The 10 most attractive nations in Africa for investors
In the coming years, Africa’s economic growth is going to remain lower than that recorded over the last decade. That is what detects the Ernst & Young (EY) Africa attractiveness index, released last week. The study, titled “Africa attractiveness 2016: Navigating Africa’s current Uncertainties", confirms the International Monetary Fund’s (IMF) projection for 2016, now down to 3% and expected at 6.1% in April last year.
- Friday, 20 May 2016
The EY analysts point out that the reasons that led to the Africa’s deceleration are the same that influenced negatively the global economy.
The reference is explicit to the various factors that have produced the unfavorable international economic climate caused by the general slowdown in emerging market economies; China’s rebalancing process; ongoing stagnation in most developed economies; lower commodity prices and higher borrowing costs.
However, the report notes that despite African growth has relatively decreased, two-thirds of Sub-Saharan African economies are still growing at rates above the global average, whereas Africa south of the Sahara will remain the second fastest-growing region in the world for the next future, after Emerging Asia.
Within the report planned to assess progress in the areas of governance, economic diversification and infrastructure, is also presented Africa Attractiveness Index (AAI), the index of the most attractive nations in Africa for investors. A ranking of the relative size of the opportunities for trade, human development and resilience of African economies in the context of the above-mentioned macroeconomic pressures.
South Africa first position on the continent
The first ranked country is South Africa, which despite the significant slowdown of its economy and the Rand depreciation, which between 2012 and 2015 has lost more than 50% of its value against the dollar, remains the most attractive for business.
The Rainbow Nation is supported by three elements: the extremely favorable environment for business, its political stability and much more developed and diversified economy compared with other continental competitors.
South Africa is followedby Morocco, Egypt, Kenya, Mauritius, Ghana, Botswana, Tunisiaand Rwanda.Ivory Coast closes the top ten index processed to provide different answers depending on the investor’s priorities, which wish to operate in complex and fragmented African markets.
The study also reveals that Africa is one of the only two regions in the world in which there was growth in the number of foreign direct investment (FDI) projects over the past year in 2015.
Last year, across Africa have been started 771 of these projects against the 722 in 2014, equivalent to an increase of 7%. A percentage figure in contrast with the global one, which shows a decrease of 5% in 2015.
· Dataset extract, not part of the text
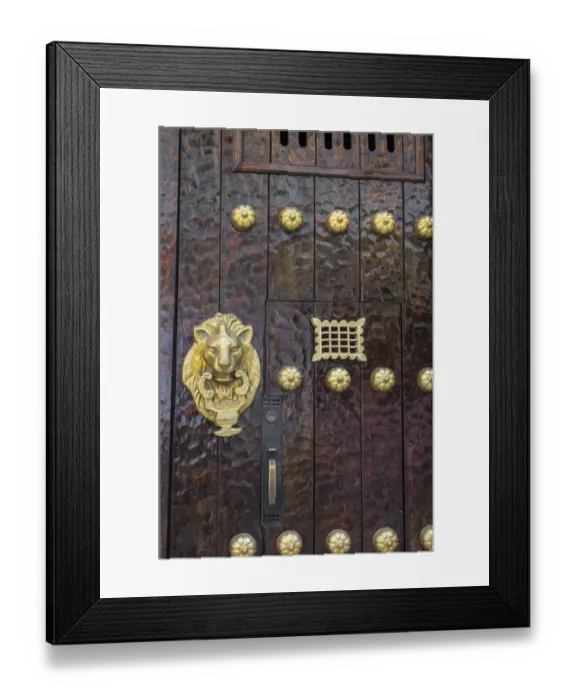 Framed Print : South America, Colombia, Cartagena, Charming entry door in the old walled city of Cartagena Framed Print : South America, Colombia, Cartagena, Charming entry door in the old walled city of Cartagena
However, these projects generated in 2015,77.3 billion dollars. A significant decrease compared with 88.5 billion dollars in 2014. Nevertheless, the revenues produced by FDI projects in 2015 are higher than the yearly African average of 68 billion, recorded in the 2010-2014 five-year period.
The report explains that the higher FDI inflows in Africa are from Western Europe and a leading role in fueling these investments is covered by intra-African actors.
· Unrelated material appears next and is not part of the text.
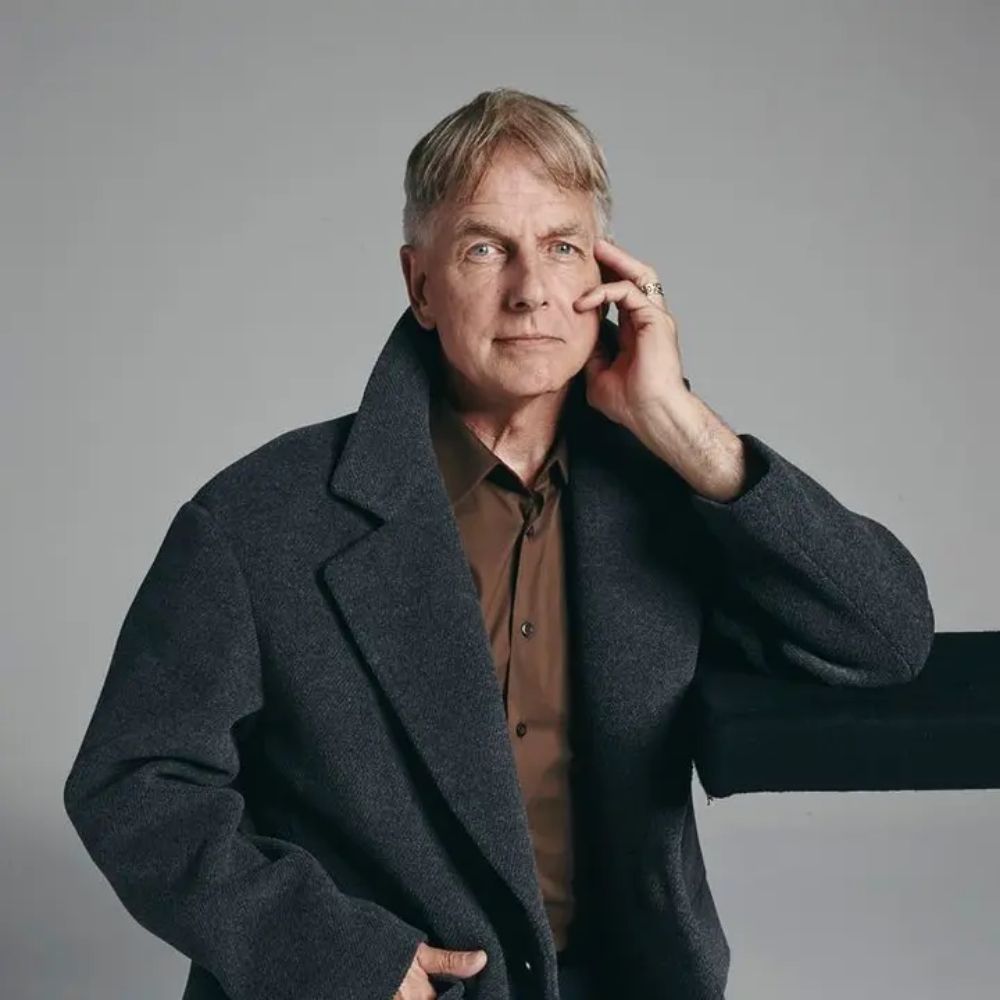 Mark Harmon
It ‘also important to highlight that traditional investors, including North American and Middle Eastern ones, have focused attention on Africa. Last year the most active countries in the investments were France, the United States, United Arab Emirates, Portugal and China.
Mid-term outlook for many African countries remain uncertain
Despite this good performance, EY estimated that mid-term outlook for many African countries remain uncertain. Among these, particularly Nigeria and Angola, currently penalized by the collapse of oil prices.
The report also noted that Kenya and Cote d’Ivoire are benefiting from the strong economic growth and attractive growth prospects, thanks to the creation of new infrastructure and the ability to enter new markets.
While Botswana, Mauritius and Rwanda, although they are still small economies, have all achieved excellent results in business enablement, social development and economic management, and so perform relatively well.
Three North African countries, Egypt, Morocco and Tunisia, as well as Ghana in West Africa, remain under some pressure economically, but have the advantage of a relatively business-friendly environment, modern infrastructure and, in the case of Accra, a strong governance record of accomplishment.
In conclusion, it is interesting to note that Nigeria, the first economic power in the African continent, on the AAI ranked at number fifteen overall. Low scores on the business enablement, governance and human development cause Nigeria’s relative “underperformance”.